Example: ENRON
By Mathias Ball
In order to test our e-mail import module and the word indexer we picked up the ENRON e-mail corpus and loaded it into our database.
ENRON was one of the biggest US energy companies with headquarter in Houston, Texas. In 2001 ENRON caused a big scandal due to continued balance forgery. During crime investigations all e-mails of the company were confiscated. In the meantime these e-mails are released for computer and programming science purposes.
For the testing of K4 we wrote a specific import module that reads the compressed ENRON e-mail corpus (without attachments) and writes it to the database. The e-mails were extracted, their headers analyzed and their content (bodies) indexed.
- Size of compressed corpus: 423 MB; decompressed: 2.6 GB
- Size of resulting Firebird database file: 10.5 GB
- 517,401 e-mails with 8,164,014 properties extracted from headers
- 773,431 rows in object blob table “DOK_OBJ”. Each e-mail is expected to create at least 2 rows in “DOK_OBJ”: One is required for the reconstruction of the original e-mail and the other one for the text body. If an email is read that has the same body as an e-mail which is already in the database, no new “DOK_OBJ” row is created. Instead a link to the existing one is created. Since the total number of rows in “DOK_OBJ” is significantly lower than twice the number of e-mails in the set, many e-mails must contain the same body.

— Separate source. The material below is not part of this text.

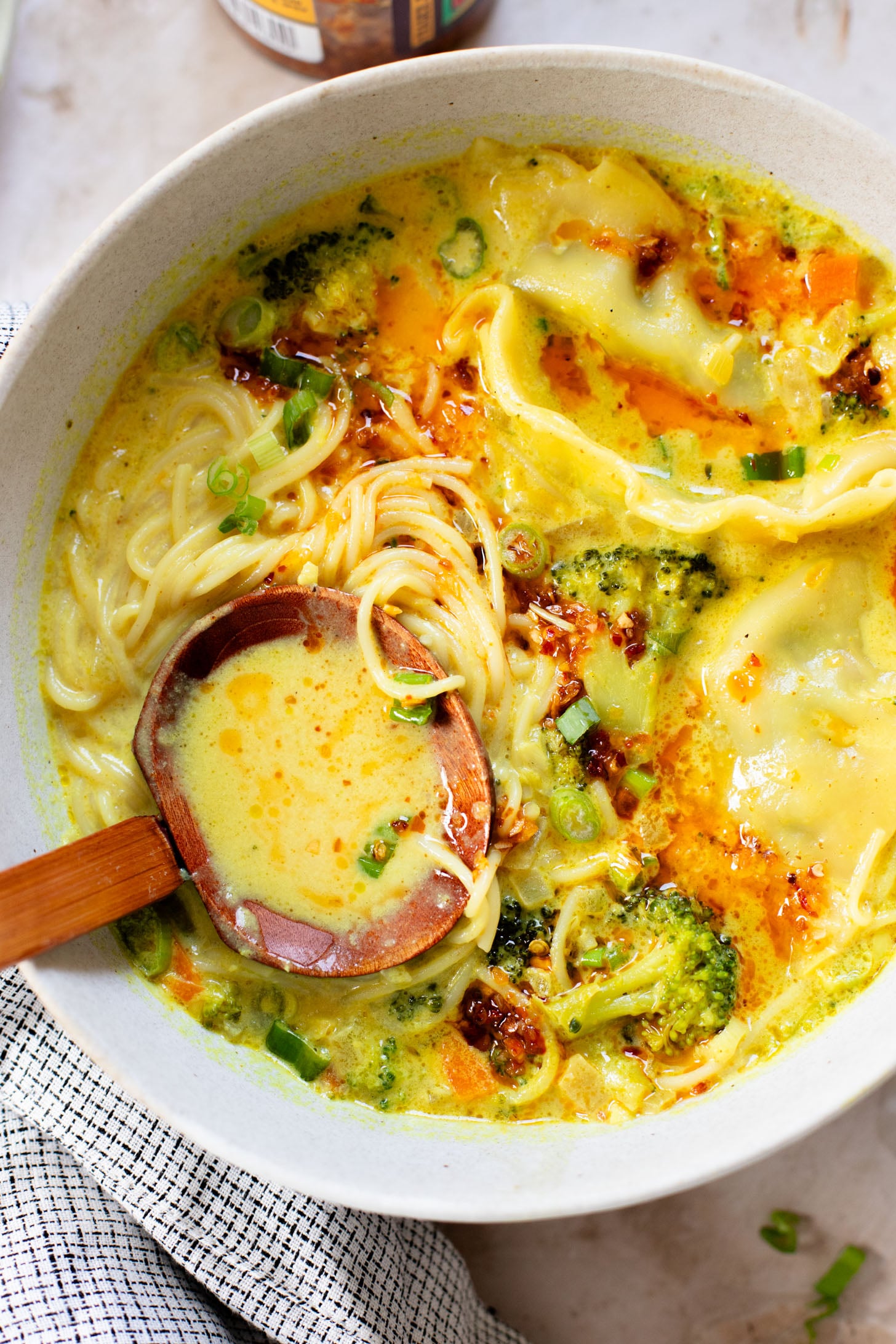 This Curried Coconut Wonton Soup has a dairy-free, creamy broth, plenty of veggies, rice noodles and vegan wontons | ThisSavoryVegan.com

- 106,192 rows in table “ORG_EDI_ADR”, i.e. different e-mail addresses extracted from the headers.
- 43,546 rows in table “ORG_PERS”, i.e. recipient and sender names extracted from the headers.
- 49,083 correlations between “ORG_EDI_ADR” and “ORG_PERS” created as determined from header extractions.
- The total number of different words extracted from email bodies is 1,064,722. For these words 28,328,384 connections have been established to email bodies stored in the table “DOK_OBJ”.
According to English Live the English language has up to 170,000 common words. During our test we extracted six times as many. Most likely, many extracted words are variants of the same word root. To test it, we searched for “government” as example in our word list and found 198 different words that contain “government” as part. Hence, the most useful way to reduce the indexed list of words is to apply a stemmer algorithm that identifies the root words.
Our current word extraction algorithm has some abilities to subdivide words into several categories. Results are:
- 252,237 words were recognized as dates and time. 164,230 contain am/pm.
- 98,446 words are e-mail addresses “@.*”.
- 80,613 potential “words” are longer than 50 characters and yet no URLs. They can be discarded, because they contain embedded e-mails and base64 encoded objects. Such cases demonstrate, that our Python based e-mail parser can still be improved in many ways.
- 36,866 words contain only numbers and +/- (mostly phone numbers)
- 26,654 words are URLs ( they include “http://”).
- 16,515 words contain HTML-Tags where we did’nt expected them.
- 7,889 words contain prizes starting with dollar sign “$”.
- 1,497 words start with an apostrophe.